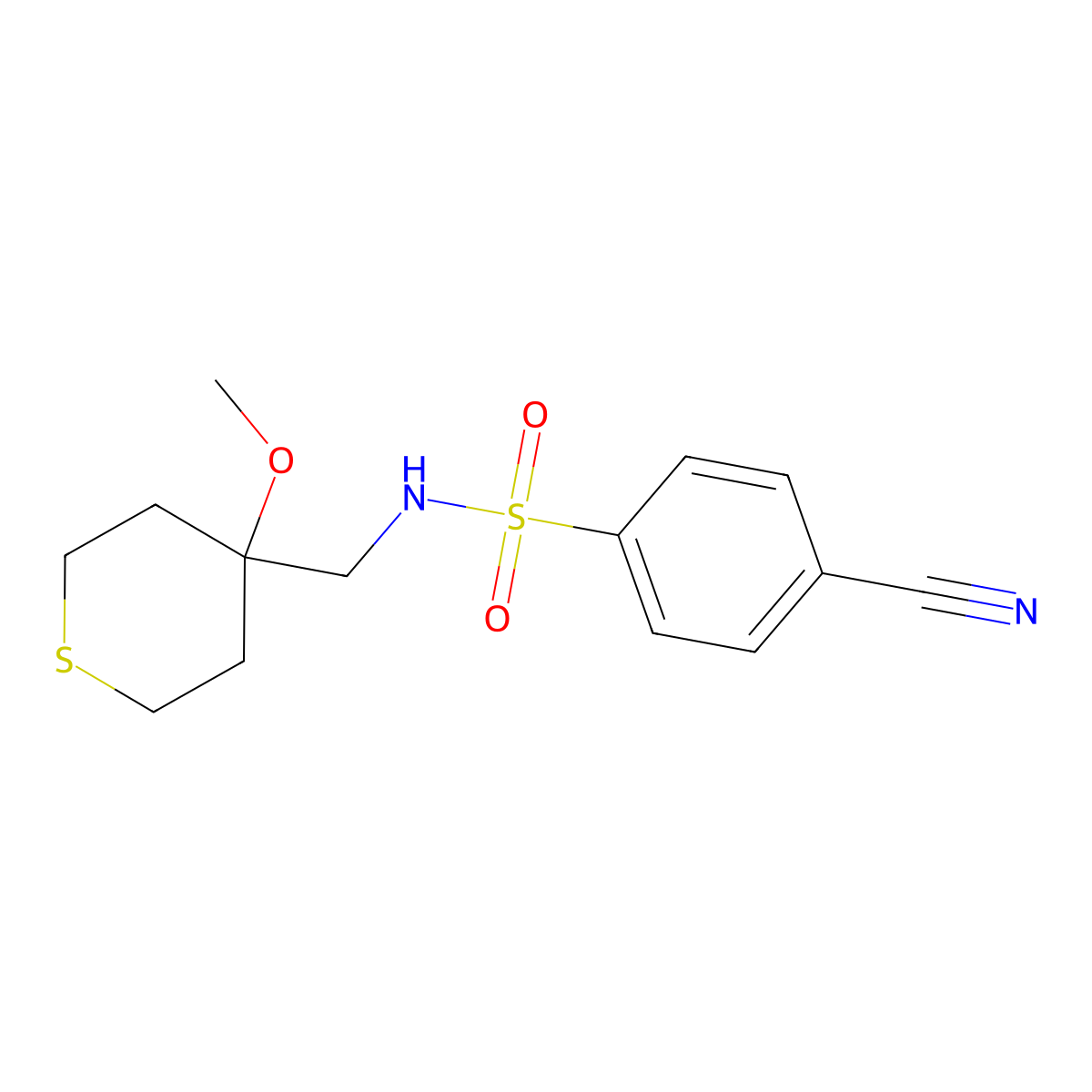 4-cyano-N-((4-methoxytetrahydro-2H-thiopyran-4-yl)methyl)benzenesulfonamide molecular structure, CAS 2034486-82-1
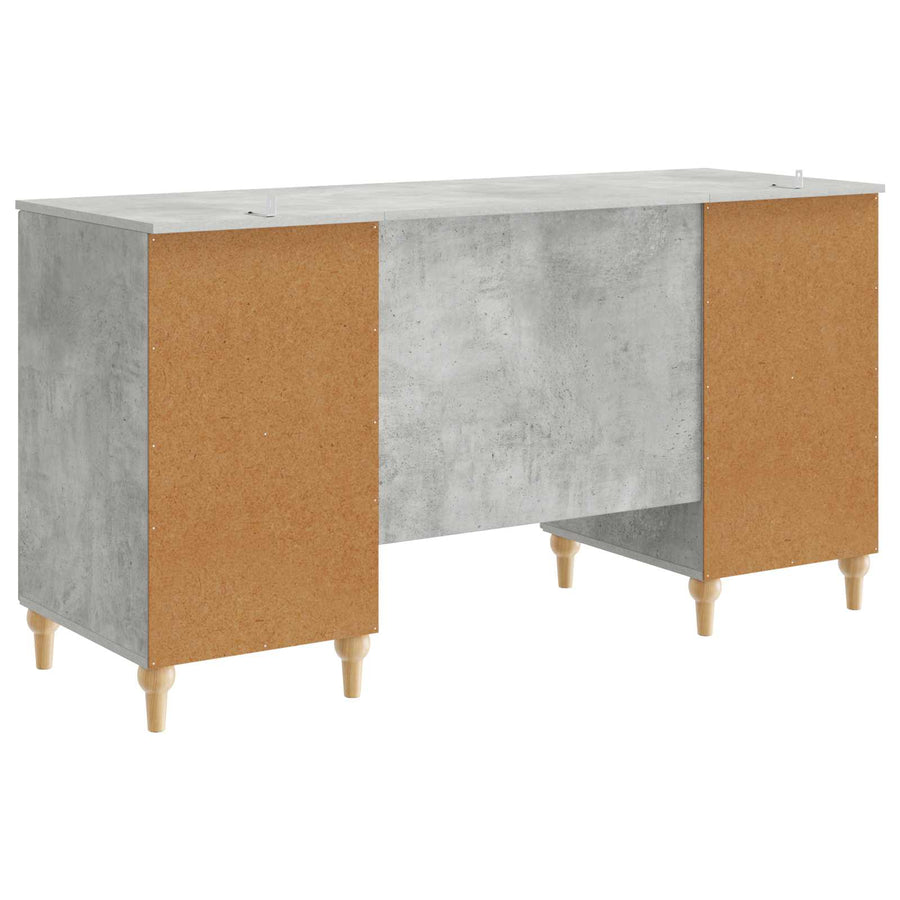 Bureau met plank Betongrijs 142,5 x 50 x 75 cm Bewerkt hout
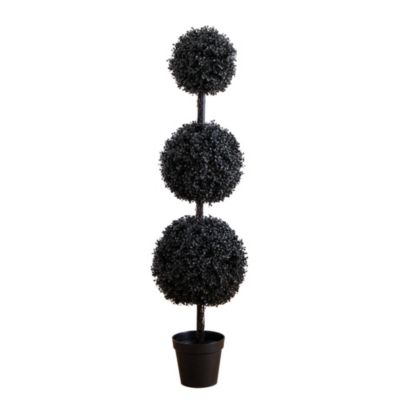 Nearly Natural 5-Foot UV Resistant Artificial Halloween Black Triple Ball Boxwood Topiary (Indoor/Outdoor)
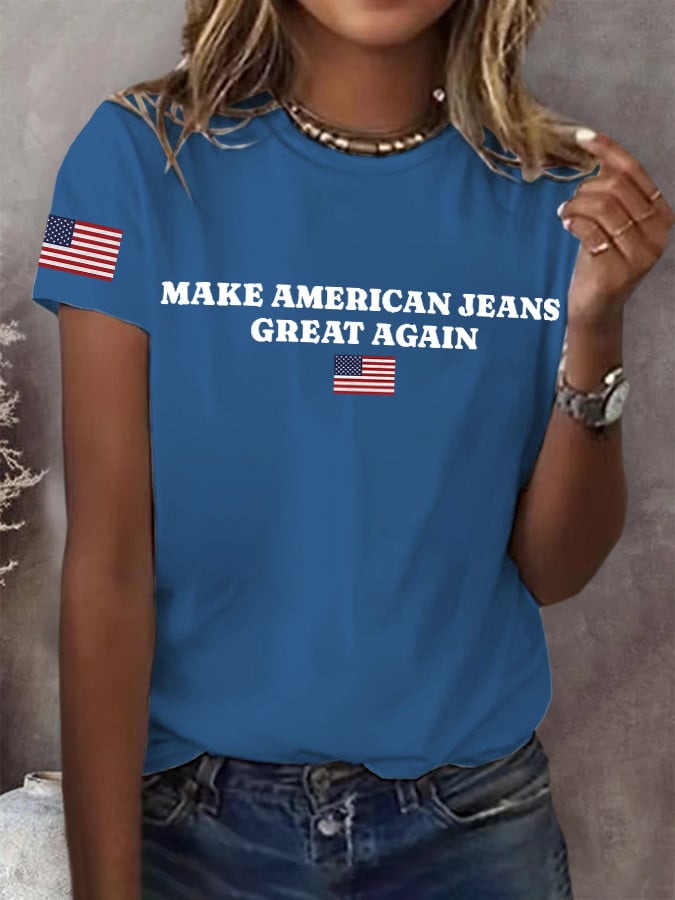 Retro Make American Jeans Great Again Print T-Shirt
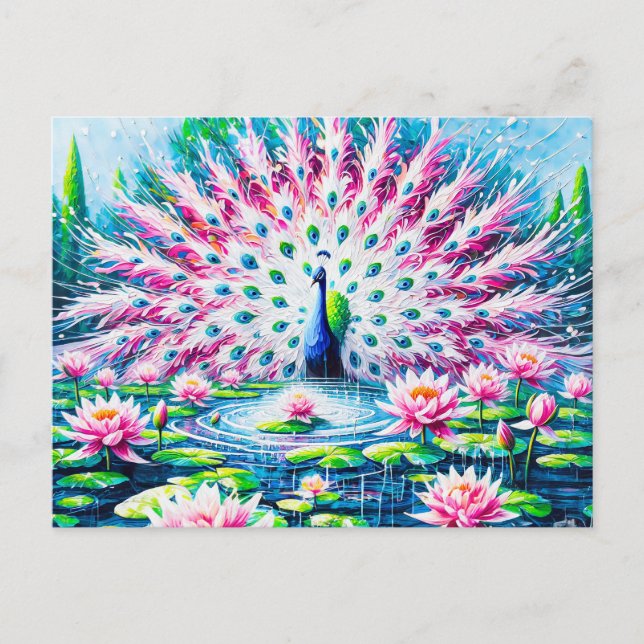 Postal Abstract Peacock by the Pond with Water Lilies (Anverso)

# # # #

Print out all the material word for word but exclude any images.

- _Task answer_
 4-cyano-N-((4-methoxytetrahydro-2H-thiopyran-4-yl)methyl)benzenesulfonamide molecular structure, CAS 2034486-82-1
 Bureau met plank Betongrijs 142,5 x 50 x 75 cm Bewerkt hout
 Nearly Natural 5-Foot UV Resistant Artificial Halloween Black Triple Ball Boxwood Topiary (Indoor/Outdoor)
 Retro Make American Jeans Great Again Print T-Shirt
 Postal Abstract Peacock by the Pond with Water Lilies (Anverso)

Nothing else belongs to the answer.